Schlieker Laura, Telaar Anna, Lueking Angelika, Schulz-Knappe Peter, Theek Carmen, Ickstadt Katja
ClinStat GmbH, Max-Planck-Str. 22a, 50858 Cologne, formerly Protagen AG, Otto-Hahn-Str. 15, 44227, Dortmund, Germany.
Berufskolleg am Wassertum, 46399 Bocholt, formerly Protagen AG, Otto-Hahn-Str. 15, 44227, Dortmund, Germany.
Biom J. 2017 Sep;59(5):948-966. doi: 10.1002/bimj.201600207. Epub 2017 Jun 19.

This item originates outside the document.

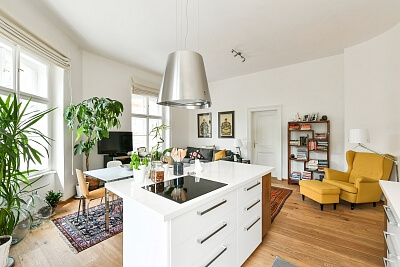 Plzeňská, Smíchov - Praha 5 | Prodej, Byt 3+kk, 79 m²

The classification of a population by a specific trait is a major task in medicine, for example when in a diagnostic setting groups of patients with specific diseases are identified, but also when in predictive medicine a group of patients is classified into specific disease severity classes that might profit from different treatments. When the sizes of those subgroups become small, for example in rare diseases, imbalances between the classes are more the rule than the exception and make statistical classification problematic when the error rate of the minority class is high. Many observations are classified as belonging to the majority class, while the error rate of the majority class is low. This case study aims to investigate class imbalance for Random Forests and Powered Partial Least Squares Discriminant Analysis (PPLS-DA) and to evaluate the performance of these classifiers when they are combined with methods to compensate imbalance (sampling methods, cost-sensitive learning approaches). We evaluate all approaches with a scoring system taking the classification results into consideration. This case study is based on one high-dimensional multiplex autoimmune assay dataset describing immune response to antigens and consisting of two classes of patients: Rheumatoid Arthritis (RA) and Systemic Lupus Erythemathodes (SLE). Datasets with varying degrees of imbalance are created by successively reducing the class of RA patients. Our results indicate possible benefit of cost-sensitive learning approaches for Random Forests. Although further research is needed to verify our findings by investigating other datasets or large-scale simulation studies, we claim that this work has the potential to increase awareness of practitioners to this problem of class imbalance and stresses the importance of considering methods to compensate class imbalance.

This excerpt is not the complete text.